Stored items:
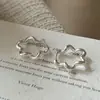 Aretes Huecos de Flor Plateada Estilo Francés, Aretes de Aro Simples con Sensación de Alta Gama, Nuevos Aretes de Aro para Mujer, Accesorios Versátiles para las Orejas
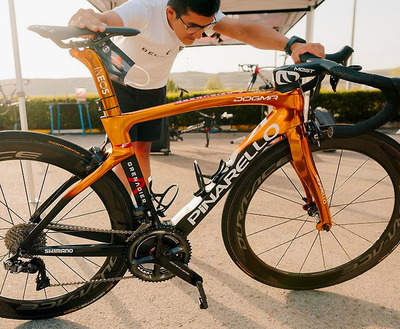 Foto zu dem Text "Pinarello: Dogma in Gold für Richard Carapaz "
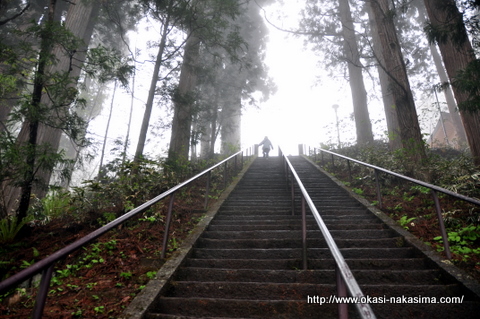 霧の中へ続く石段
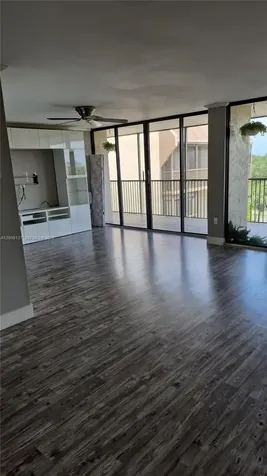 2816 N 46th Avenue Hollywood FL 33021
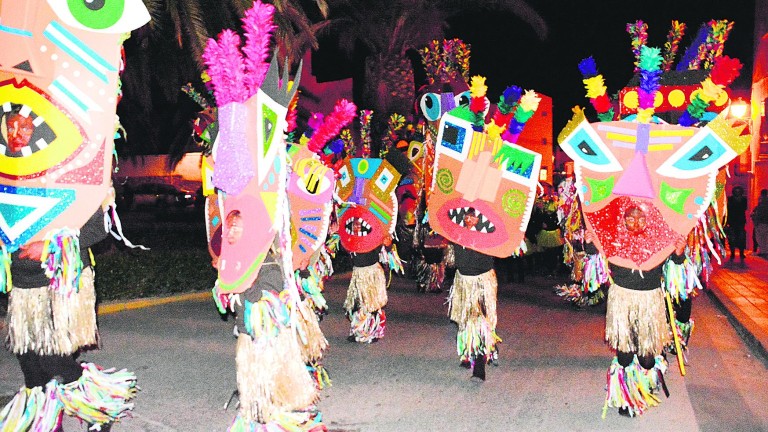 El Carnaval llena las calles con su colorido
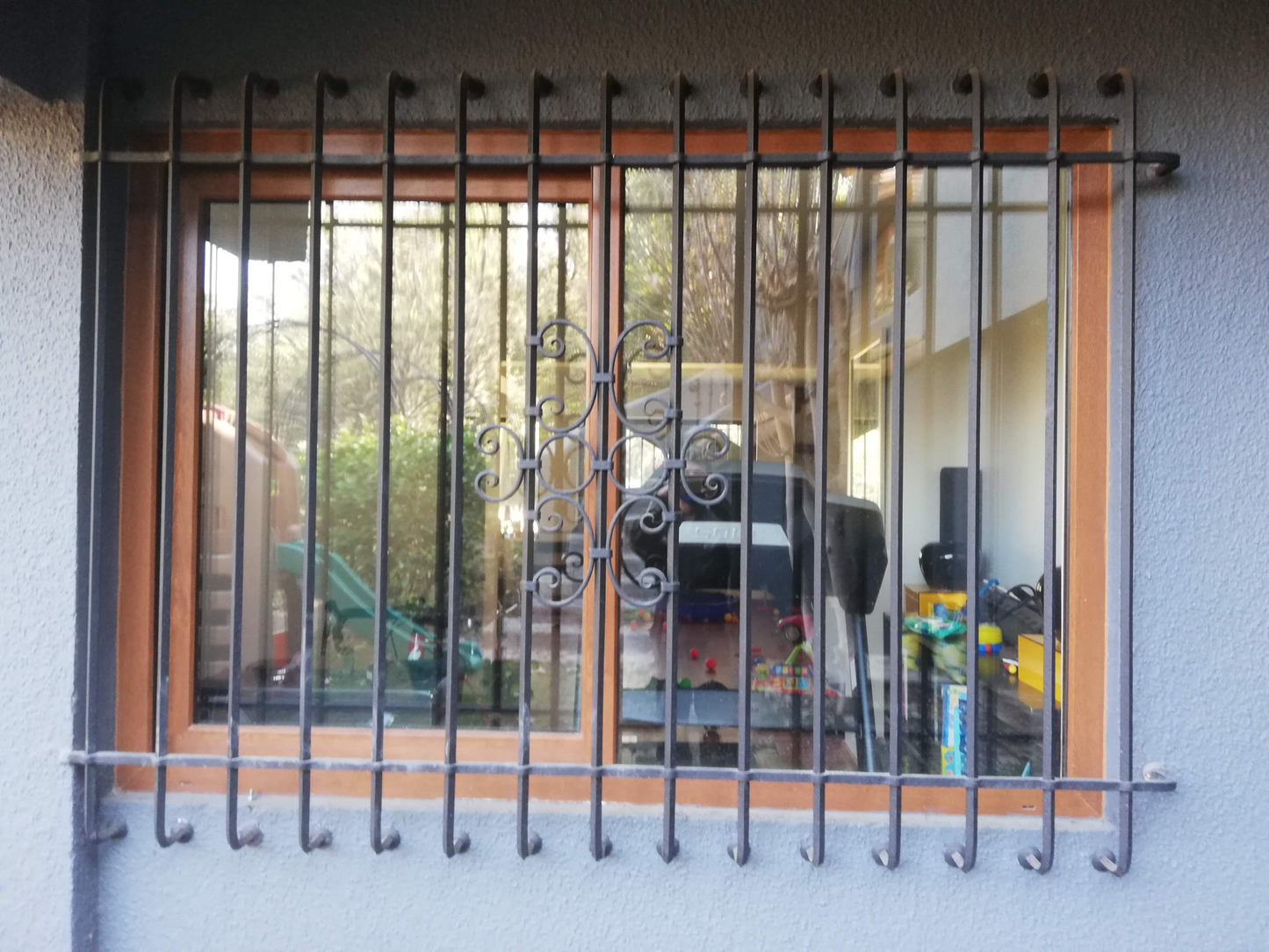 Protección de Ventana Arellano | Diseño a Medida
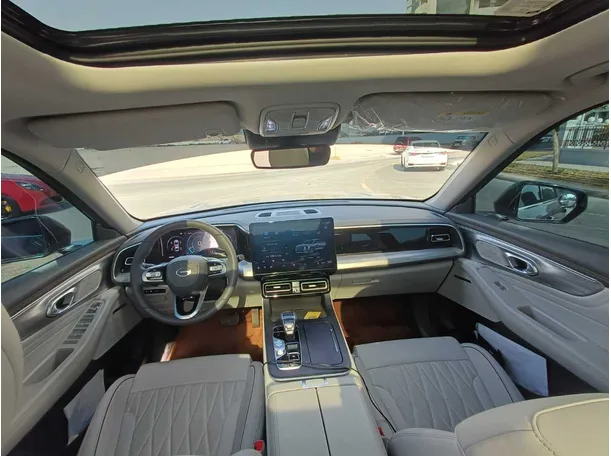 Car image 17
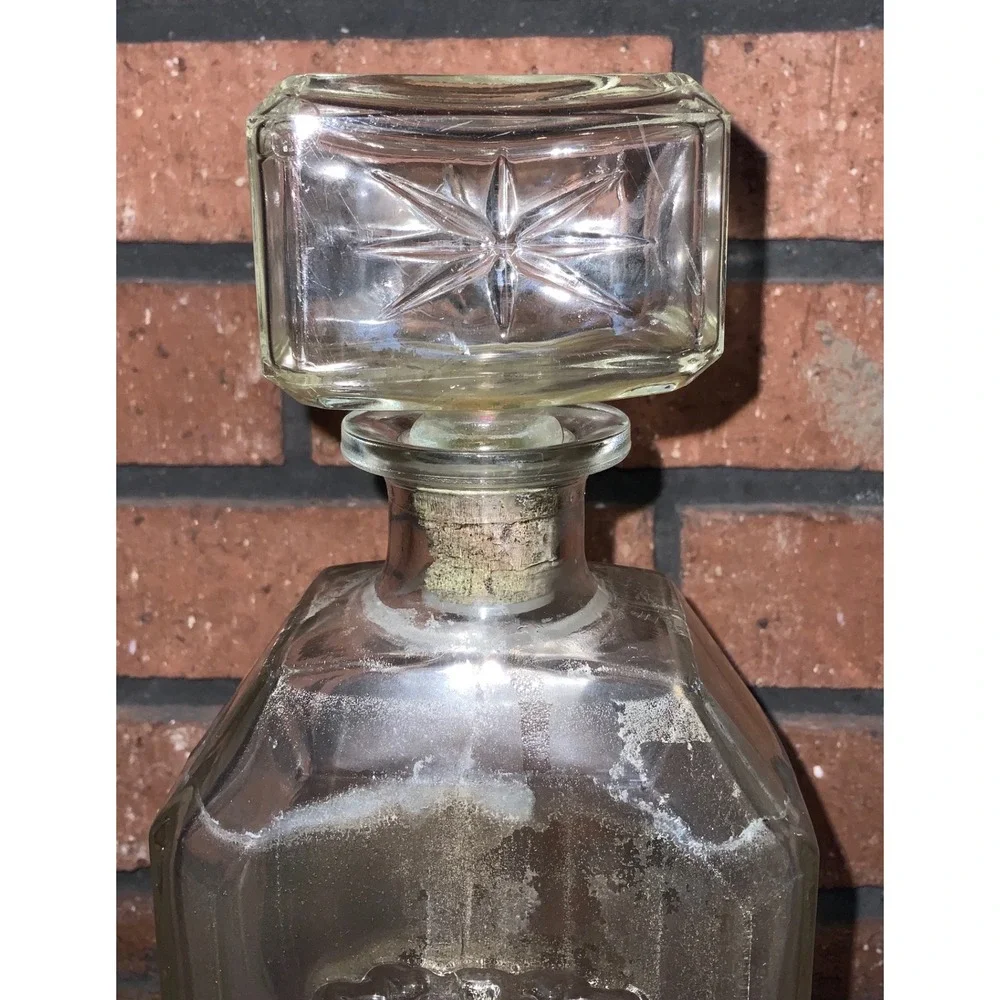 Vintage Octagonal Glass Liquor Decanter Heraldic Crest Starburst Stopper Clear‎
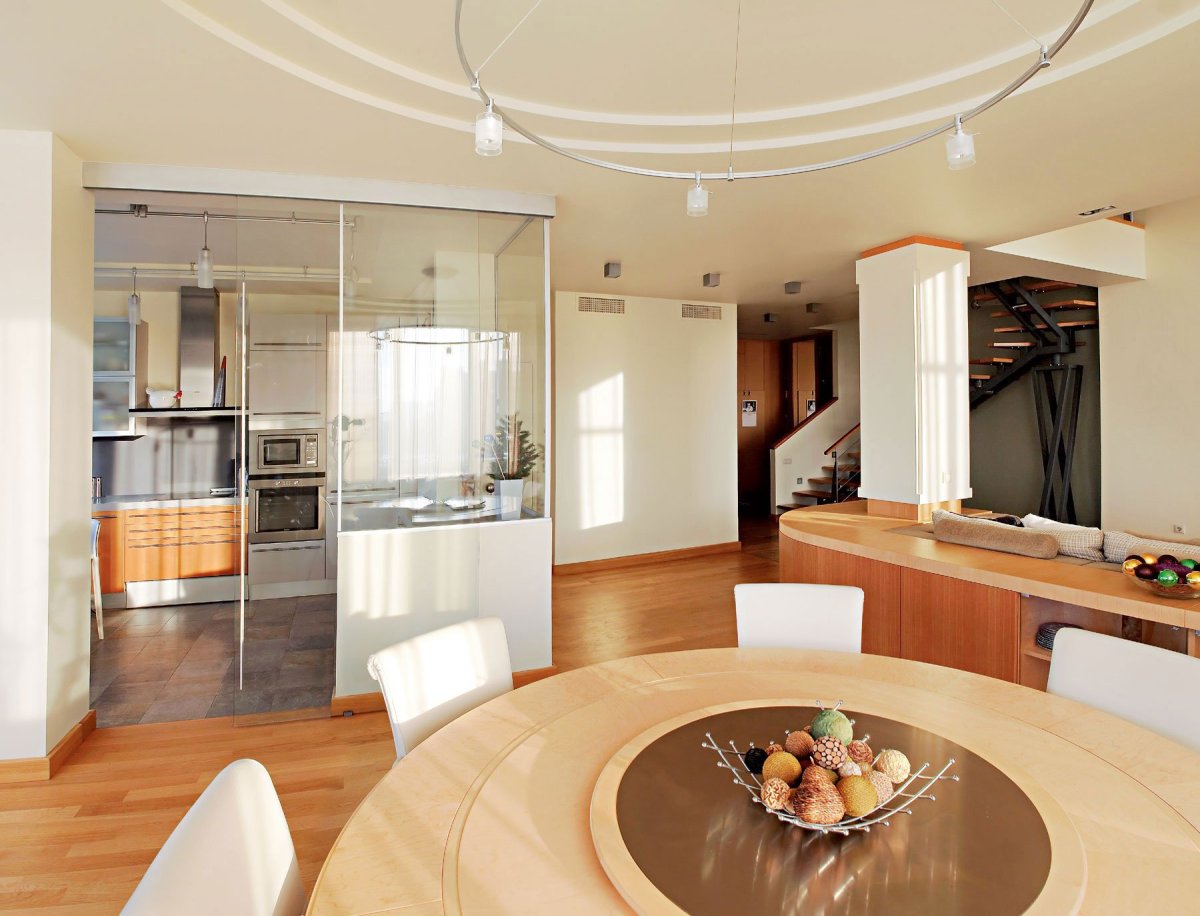 Арка разделяющая кухню и гостиную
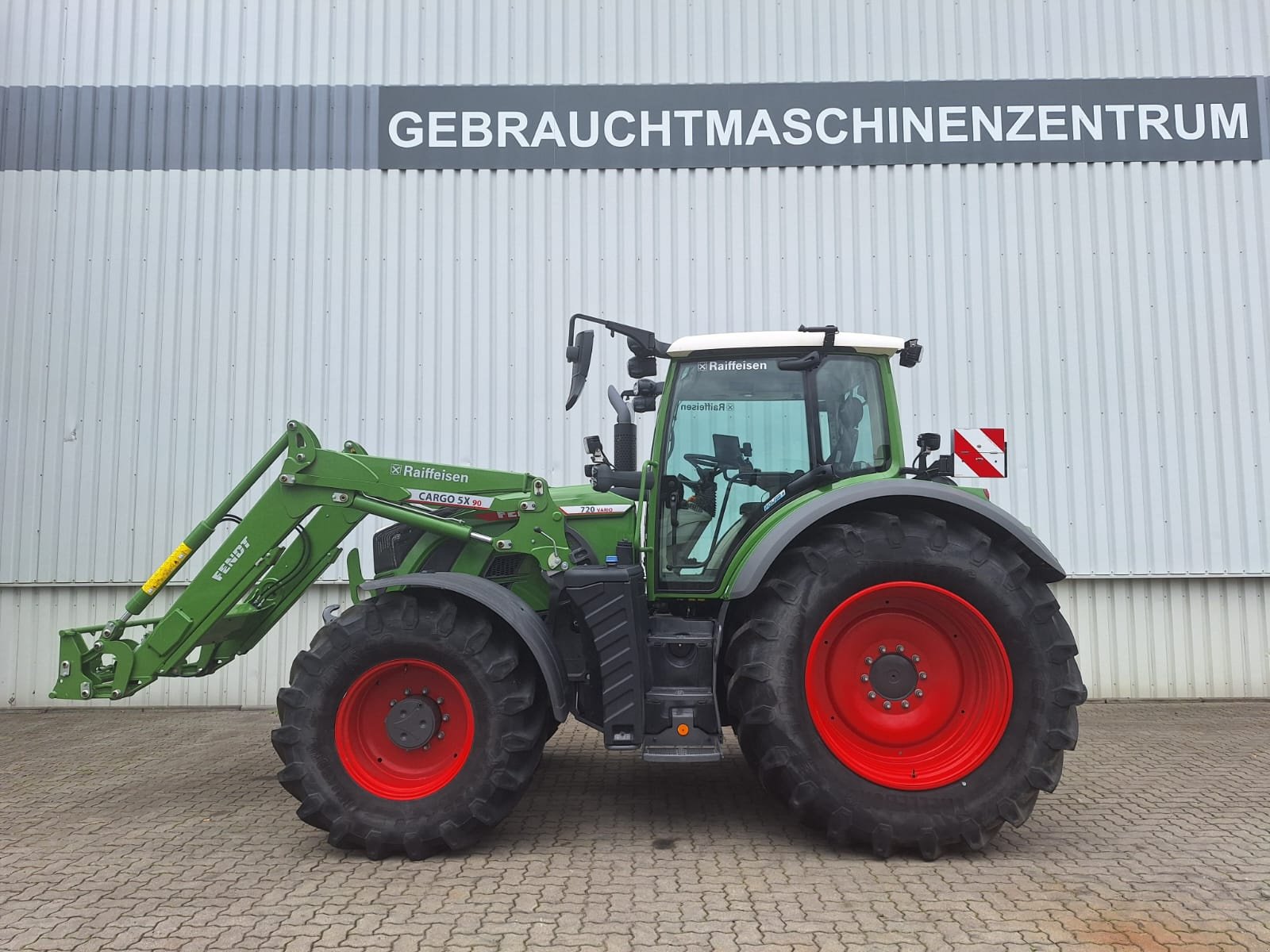 Traktor des Typs Fendt 720 Vario Gen.6, Gebrauchtmaschine in Holle- Grasdorf (Bild 1)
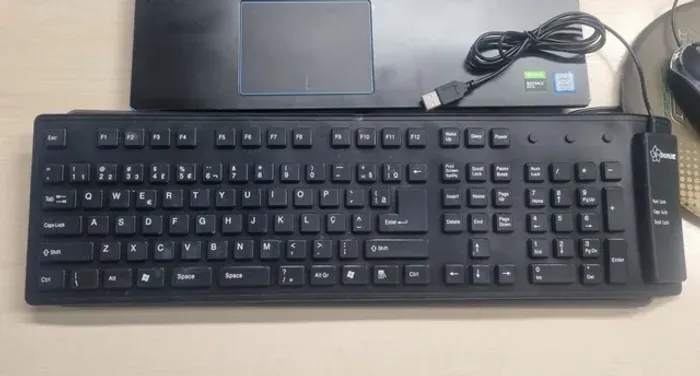 Teclado Computador USB flexível emborrachado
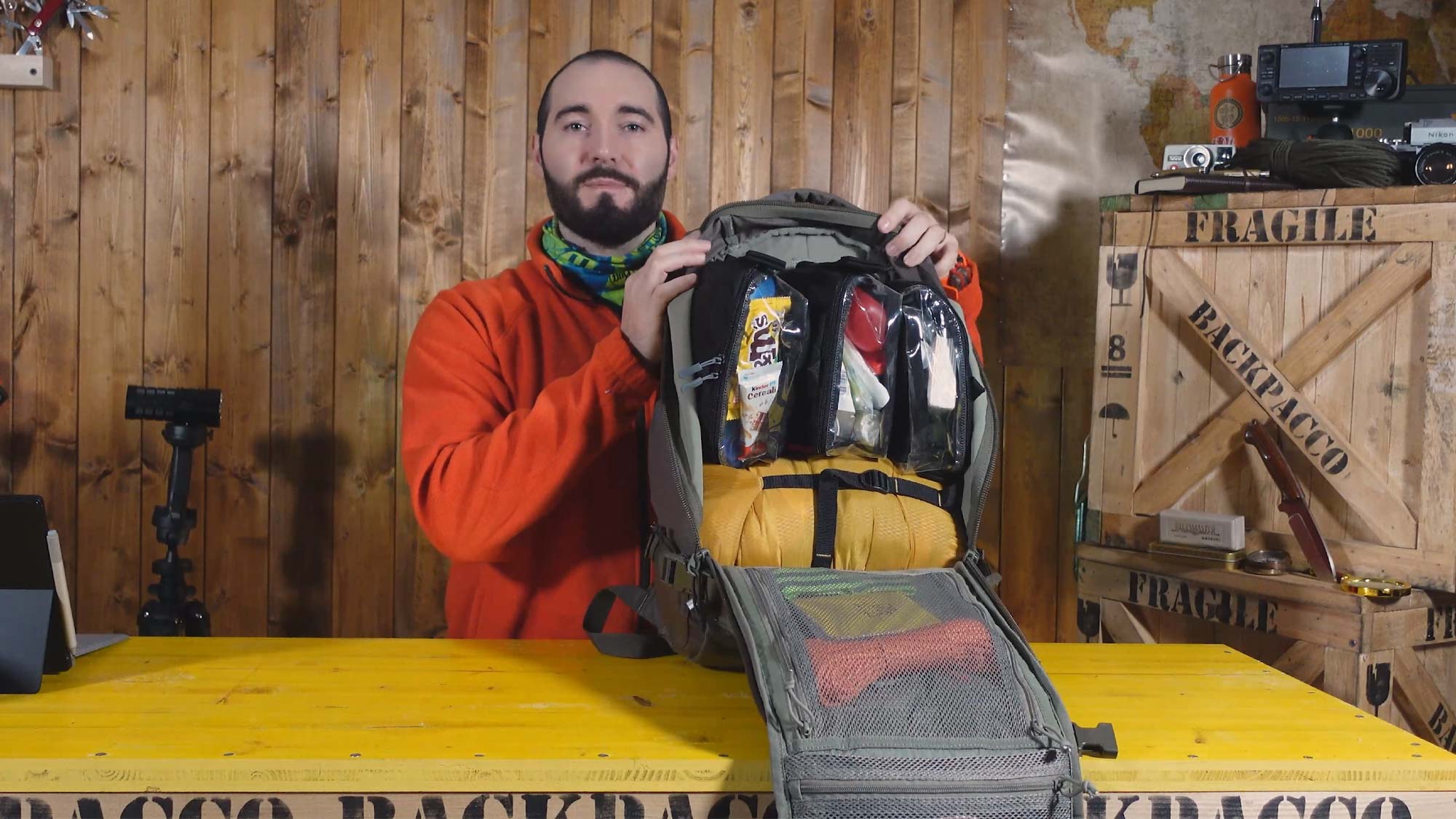 Paolo di BackPacco che mostra le tasche Easy-Vis all'interno di uno zaino AMP24 di 5.11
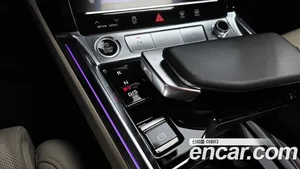 Audi e-tron, 2022 — миниатюра 11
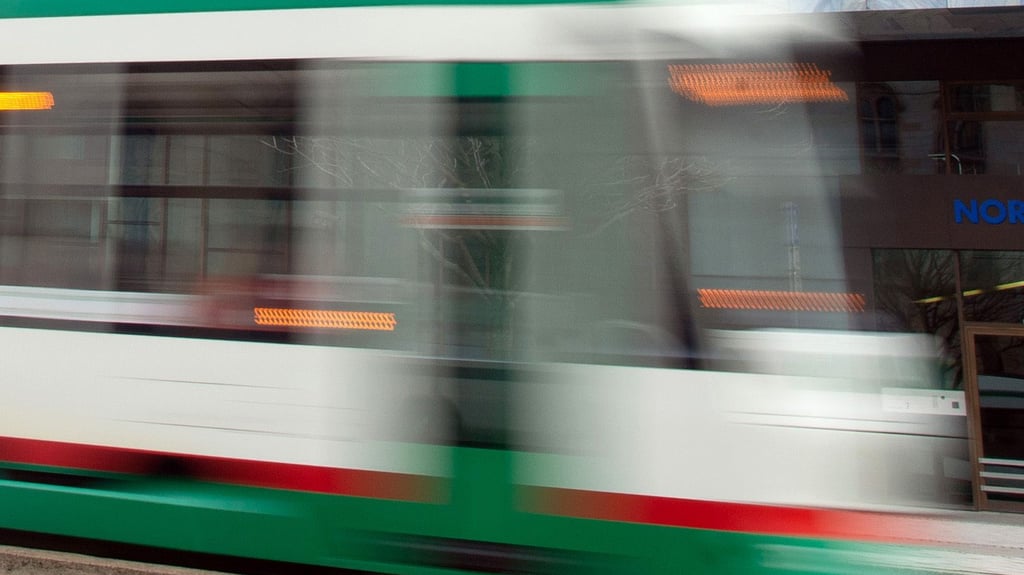 In Magdeburg bepöbelte ein Mann in einer Straßenbahn erst mehrere Personen und schlug dann auch noch zu.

• _How to complete this task_:
I would like the data above transcribed exactly, with its pictures left out.

• _Result below_:
 Aretes Huecos de Flor Plateada Estilo Francés, Aretes de Aro Simples con Sensación de Alta Gama, Nuevos Aretes de Aro para Mujer, Accesorios Versátiles para las Orejas
 Foto zu dem Text "Pinarello: Dogma in Gold für Richard Carapaz "
 霧の中へ続く石段
 2816 N 46th Avenue Hollywood FL 33021
 El Carnaval llena las calles con su colorido
 Protección de Ventana Arellano | Diseño a Medida
 Car image 17
 Vintage Octagonal Glass Liquor Decanter Heraldic Crest Starburst Stopper Clear‎
 Арка разделяющая кухню и гостиную
 Traktor des Typs Fendt 720 Vario Gen.6, Gebrauchtmaschine in Holle- Grasdorf (Bild 1)
 Teclado Computador USB flexível emborrachado
 Paolo di BackPacco che mostra le tasche Easy-Vis all'interno di uno zaino AMP24 di 5.11
 Audi e-tron, 2022 — миниатюра 11
 In Magdeburg bepöbelte ein Mann in einer Straßenbahn erst mehrere Personen und schlug dann auch noch zu.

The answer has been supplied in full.